Sometimes what needs breaking is an old identity.
Sometimes it is a family role.
Sometimes it is a definition of goodness.
Sometimes it is the belief that love requires self-abandonment.
Sometimes it is the story that we must earn rest, joy, pleasure, dignity, beauty, belonging, or enoughness.
These are not small breaks.
They can shake the whole architecture of a life.
But this is how worlds end.
Not always with revolution in the streets.
Sometimes with one human being quietly saying:
No. I will not pass this on.
The breaking I am speaking of is not destruction.
It is remembering.
Remembering that we are not machines.
Remembering that children are not projects.
Remembering that bodies are not productivity tools.
Remembering that the Earth is not a warehouse.
Remembering that grief is not weakness.
Remembering that joy is not frivolous.
Remembering that love is not ownership.
Remembering that community is not a luxury.
Remembering that spirit was never separate from life.
We do not break the world by becoming harder.
We break it by becoming less available.
Less available to its hurry.
Less available to its numbness.
Less available to its false measures.
Less available to its demand that we trade our aliveness for approval.
Every time we choose truth over performance, something breaks.
Every time we choose relationship over image, something breaks.
Every time we choose enough over more, something breaks.
Every time we choose rest without apology, something breaks.
Every time we refuse to call domination leadership, something breaks.
Every time we refuse to call extraction success, something breaks.
Every time we refuse to call disconnection freedom, something breaks.
This is not passive.
This is disciplined, dangerous, holy work.
Because the world as it is does not fall apart only when people attack it.
It begins to fall apart when people stop believing in it.
And this is where we must be careful.
Breaking without remembering can become chaos.
Breaking without love can become cruelty.
Breaking without vision can become another cycle of domination wearing new clothing.
So no, we are not meant to break the world just to stand in the ruins.
We are meant to break what blocks life so life can move again.
We are meant to break the false so the true has room.
We are meant to break the spell so we can remember how to belong.
The question is not only, What are we against?
It is also:
What are we devoted to?
What are we protecting?
What are we growing?
What are we making possible for those who come after us?
What kind of human beings do we become in the breaking?
Because the new world cannot be built from the same consciousness that made the old one.
It cannot be built from hatred of humanity.
It cannot be built from contempt.
It cannot be built from the hunger to dominate those who once dominated us.
It has to be built from a deeper place.
A place of fierce tenderness.
A place of right relationship.
A place that remembers freedom is not the absence of responsibility, but the return of sacred responsibility to life.

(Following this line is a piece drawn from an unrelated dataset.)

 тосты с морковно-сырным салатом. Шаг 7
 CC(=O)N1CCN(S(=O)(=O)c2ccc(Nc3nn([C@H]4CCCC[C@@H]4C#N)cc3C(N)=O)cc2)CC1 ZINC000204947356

Maybe we are not here to fix the world.
Maybe we are here to tell the truth about it.
To see where it is not broken, but obedient to a design we can no longer serve.
To stop pouring our life force into polishing cages.
To stop mistaking adaptation for liberation.
To stop asking how to succeed in systems that require our forgetting.
Maybe we are here to break the spell.
To break the trance.
To break the silence.
To break the inherited agreements that keep us small, separate, afraid, and useful.
And maybe, if we are brave enough, we will discover that what breaks is not the world itself.
What breaks is the illusion.
The illusion that this is the only way.
The illusion that we are powerless.
The illusion that we are separate.
The illusion that we must become worthy of life before we are allowed to fully live.
Maybe that is the world waiting beneath this one.
Not somewhere far away.
Not after some grand heroic moment.
But here.
In the breaking.
In the remembering.
In the sacred refusal to keep repairing what was never meant to hold us.
So perhaps the question is no longer:
How do we fix the world?
Perhaps the question is:
What world are we finally willing to stop serving?
And beneath that:
What world are we brave enough to let be born?